Authentic Without Compromise
After 14 years designing appropriate kitchens for old-house owners, Karla Pearlstein gets around to doing her own.
A wonderful Victorian kitchen and pantries fit the 1861 house.
Restorers in the Pacific Northwest know about Karla Pearlstein, a design consultant who’s a stickler for authenticity when it comes to kitchens for historic homes. Well, she finally got around to re-creating a kitchen for her own much-remodeled 1861 house in Portland, Oregon. (The 1960s kitchen she inherited was, oddly enough, situated in the front parlor.) The space she created—a main cooking room flanked by two pantries—admirably functions as a modern kitchen. Yet it presents no anachronism in the beautifully restored house. Authentic wainscoting and cabinets, antique pieces, a refurbished stove, and gaslight-era lighting fixtures look as though they survived from the 19th century.

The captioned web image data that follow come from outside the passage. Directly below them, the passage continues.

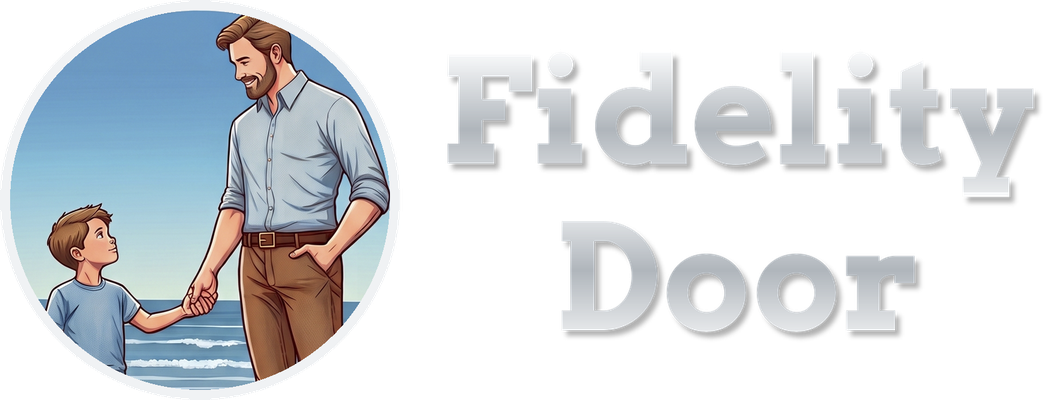 Fidelity Door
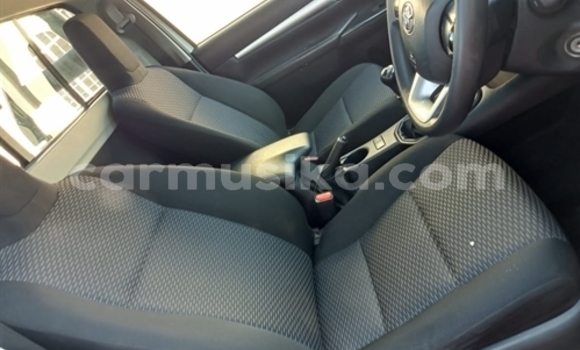 Tenga Tsaru Toyota Hilux Chena Mota in Beitbridge in Matabeleland South Tenga Tsaru Toyota Hilux Chena Mota in Beitbridge in Matabeleland South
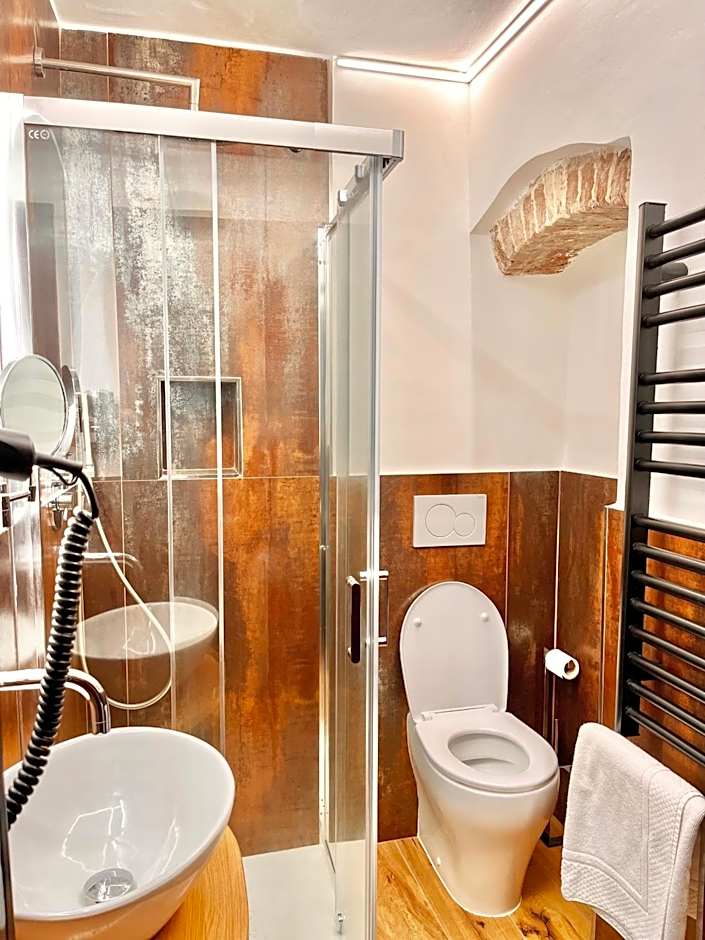 Soggiorno La Pergola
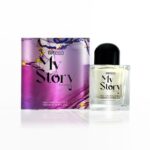 My Story by Breed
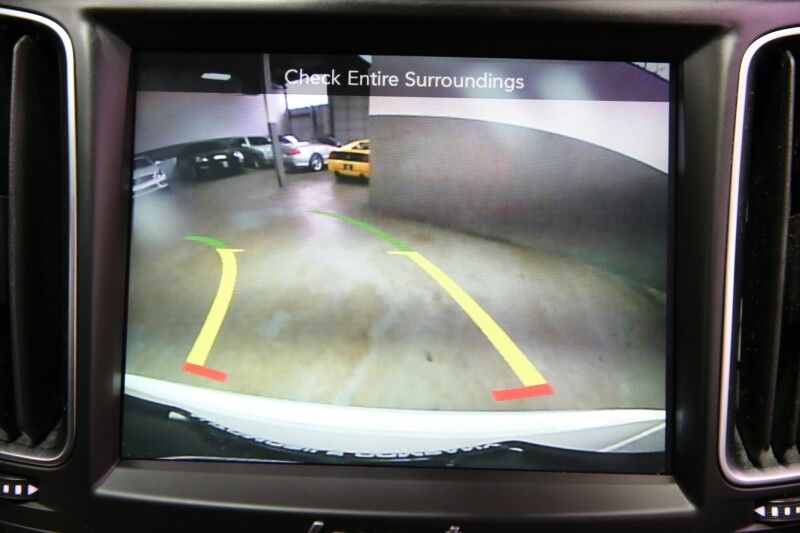 2018 Maserati Levante GranLusso Plainview NY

The Italianate house is on the small side, yet it’s elegant and comes with a history, being associated with the fifth Governor of the Oregon Territory (1854–59), George Law Curry, and his wife, Chloe Boone, great-granddaughter of Daniel Boone. The house has weathered countless storms in the name of progress, and was moved twice before arriving on its current site in 1964, after the City condemned it to make way for a freeway. Karla Pearlstein and her family came upon the house in 2000.
“It had been so remuddled inside, I didn’t even want it,” Karla says. “But my husband, Aaron, wanted to live in the Hillsdale area, and I wanted an old house. So we bought it understanding that we were in for an extended restoration and renovation.”